== WHAT TO PRODUCE ==
In the data below, find each line containing the string "Volkswagen" and return it.

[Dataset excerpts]
____

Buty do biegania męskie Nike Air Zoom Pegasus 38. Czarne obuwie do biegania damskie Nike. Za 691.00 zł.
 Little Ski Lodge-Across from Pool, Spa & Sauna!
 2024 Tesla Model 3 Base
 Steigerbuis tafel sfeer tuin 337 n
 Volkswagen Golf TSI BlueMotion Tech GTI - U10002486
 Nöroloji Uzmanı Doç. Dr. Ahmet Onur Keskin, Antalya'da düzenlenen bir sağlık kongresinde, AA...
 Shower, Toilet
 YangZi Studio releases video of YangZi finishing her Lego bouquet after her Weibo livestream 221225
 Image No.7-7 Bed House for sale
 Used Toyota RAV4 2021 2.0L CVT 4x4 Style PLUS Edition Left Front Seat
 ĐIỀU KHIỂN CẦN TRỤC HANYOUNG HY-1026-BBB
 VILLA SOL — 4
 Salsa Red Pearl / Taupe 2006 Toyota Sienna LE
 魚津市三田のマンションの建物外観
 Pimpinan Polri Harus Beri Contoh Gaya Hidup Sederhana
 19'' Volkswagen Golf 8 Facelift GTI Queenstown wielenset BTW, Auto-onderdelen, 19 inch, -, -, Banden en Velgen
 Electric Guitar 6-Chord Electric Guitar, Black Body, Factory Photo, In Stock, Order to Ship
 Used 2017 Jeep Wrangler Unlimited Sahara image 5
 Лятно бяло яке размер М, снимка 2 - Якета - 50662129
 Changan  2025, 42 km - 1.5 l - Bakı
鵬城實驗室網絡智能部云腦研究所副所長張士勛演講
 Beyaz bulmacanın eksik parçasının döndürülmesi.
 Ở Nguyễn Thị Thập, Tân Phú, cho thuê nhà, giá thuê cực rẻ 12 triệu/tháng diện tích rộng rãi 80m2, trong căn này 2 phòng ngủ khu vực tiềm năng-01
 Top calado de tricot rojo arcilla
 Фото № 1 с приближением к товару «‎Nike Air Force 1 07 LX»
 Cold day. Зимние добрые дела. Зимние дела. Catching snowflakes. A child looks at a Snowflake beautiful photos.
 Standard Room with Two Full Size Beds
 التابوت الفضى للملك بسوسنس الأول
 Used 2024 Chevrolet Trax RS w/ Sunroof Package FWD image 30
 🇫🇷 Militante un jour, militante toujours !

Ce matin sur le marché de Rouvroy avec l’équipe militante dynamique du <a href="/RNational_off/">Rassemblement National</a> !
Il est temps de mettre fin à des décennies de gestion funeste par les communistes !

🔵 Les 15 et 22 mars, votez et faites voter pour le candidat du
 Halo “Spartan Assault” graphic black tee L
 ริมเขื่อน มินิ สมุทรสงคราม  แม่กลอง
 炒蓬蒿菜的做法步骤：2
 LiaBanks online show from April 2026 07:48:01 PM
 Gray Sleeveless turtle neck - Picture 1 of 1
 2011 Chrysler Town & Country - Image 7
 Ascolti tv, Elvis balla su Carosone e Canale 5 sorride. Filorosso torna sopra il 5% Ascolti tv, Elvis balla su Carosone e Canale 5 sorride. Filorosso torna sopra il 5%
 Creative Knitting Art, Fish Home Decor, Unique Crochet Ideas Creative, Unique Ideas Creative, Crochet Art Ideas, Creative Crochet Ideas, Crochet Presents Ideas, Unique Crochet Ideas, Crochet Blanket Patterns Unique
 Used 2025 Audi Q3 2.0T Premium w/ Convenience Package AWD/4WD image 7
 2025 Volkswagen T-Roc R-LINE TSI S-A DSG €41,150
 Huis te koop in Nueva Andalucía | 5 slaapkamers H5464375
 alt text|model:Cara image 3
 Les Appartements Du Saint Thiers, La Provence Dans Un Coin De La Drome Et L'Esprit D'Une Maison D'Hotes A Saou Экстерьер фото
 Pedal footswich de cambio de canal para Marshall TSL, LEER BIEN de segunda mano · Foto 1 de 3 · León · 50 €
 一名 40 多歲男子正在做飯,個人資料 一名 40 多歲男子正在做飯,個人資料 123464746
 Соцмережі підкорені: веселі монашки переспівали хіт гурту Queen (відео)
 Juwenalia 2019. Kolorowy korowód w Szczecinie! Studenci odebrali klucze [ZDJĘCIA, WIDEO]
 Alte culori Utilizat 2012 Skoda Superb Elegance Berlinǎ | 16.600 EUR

____

== SOLUTION FOR THIS PROBLEM ==
 Volkswagen Golf TSI BlueMotion Tech GTI - U10002486
 19'' Volkswagen Golf 8 Facelift GTI Queenstown wielenset BTW, Auto-onderdelen, 19 inch, -, -, Banden en Velgen
 2025 Volkswagen T-Roc R-LINE TSI S-A DSG €41,150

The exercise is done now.